A la fin du siècle, cette « renaissance arménienne » forge un royaume mercantiliste et fortement impérialiste, ses voisins, sur le déclin, craignent progressivement cette puissance régionale et montante. Le trop-plein d’or, stocké ou dépensé, fait croitre une forte inflation, de l’ordre de quatorze pourcents en moyenne. A l’approche du 18ème siècle se profile les évènements de ce siècle si dur au Vahagnastan : les progrès médicaux coïncident avec le début d’une très forte croissance démographique mais l’Etat peine à suivre le développement de cette demande et clos définitivement le « siècle arménien ». Le siècle arménien c’est la naissance de l’irrédentisme dans sa variante définitive, la naissance de l’Etat tout puissant, le développement de l’industrie et des mines, un siècle dominé par des artistes formidables, des traités politiques très libéraux et des avancées sociales importantes en faveur des premiers ouvriers et de leurs premières revendications. Mais la clôture de ce grand siècle qui s’étend sur près de deux cent ans s’achève par les fermetures de manufactures mal administrées, par la corruption endémique régnant dans l’administration royale, par le déclin des armées du Roi dans les traces de ses voisins régionaux. Le raidissement conservateur du régime et de l’Eglise Apostolique achève ce temps « merveilleux » et impose une couverture de fer et une censure pesante sur les médias, leurs journaux, les conseils municipaux et toutes organisations « démocratiques » ou tout simplement face à tout contre pouvoir. Les révoltes de la fin du 18ème siècle font prendre conscience aux rois et à certains fonctionnaires que l’heure de la réforme à sonnée.

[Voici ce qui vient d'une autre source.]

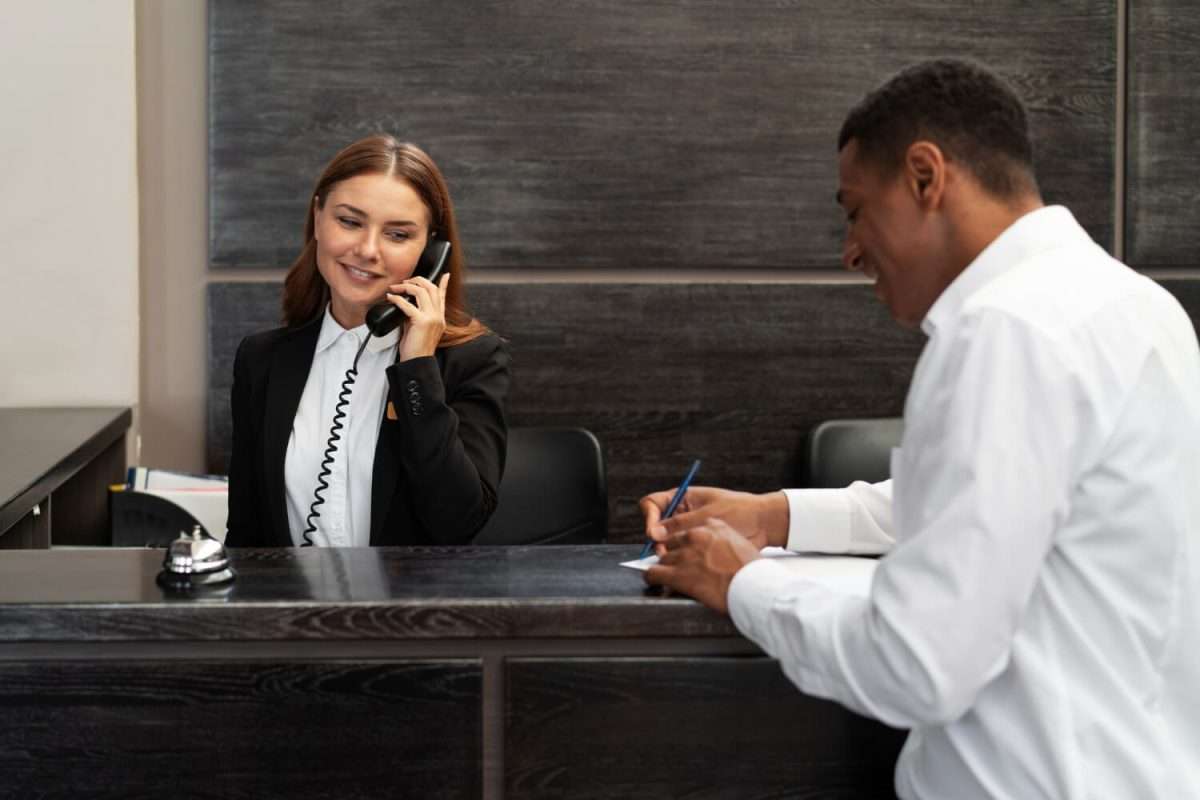 how to improve guest experience in hotel 1 - receptionist elegant suit during work hours with customer how to improve guest experience in hotel 1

[ancre=5]Epoque contemporaine[/ancre]


Au milieu du 19ème siècle se développe une nouvelle politique étatique, l’économie est bien moins durement dirigée, la liberté d’entreprise s’éclaircie définitivement avec l’ouverture des premières manufactures privées, les premières depuis le 16ème siècle ! L’administration est progressivement purgée de ses éléments les moins recommandables par l’ouverture au capital d’entreprises d’Etat, les monopoles étatiques sur le secteur minier demeurent jusqu’à nos jours mais globalement l’agriculture revient aux coopérations agricoles, l’industrie et le commerce aux entrepreneurs bien que l’Etat y conserve de considérables investissements et en tire une grande rente. Le renouveau du Vahagnastan s’accélère avec l’industrialisation massive du début du 20ème siècle et avec l’effondrement de l’Empire turc c’est de nouveaux voisins, de nouveaux partenaires et de nouvelles politiques qui se mettent en place. Le Vahagnastan a colonisé les montagnes à son extrême occident, en terre turque actuelle. Aussi, une large bande de terre est revendiquée et éclate même une guerre, celle de mai à décembre 1972 qui se clos par une victoire tactique mais une défaite diplomatique du Vahagnastan, celui-ci abandonne les zones conquises et les armées turques et Vahagnastanaises se font face depuis cette date. N’ayant pas pris part aux conflits mondiaux du siècle, le Vahgnastan dispose d’une main d’œuvre jeune mais d’une influence faible. Croissante son économie demeure atrophiée en bien des points, rentier son Etat est encore pléthorique.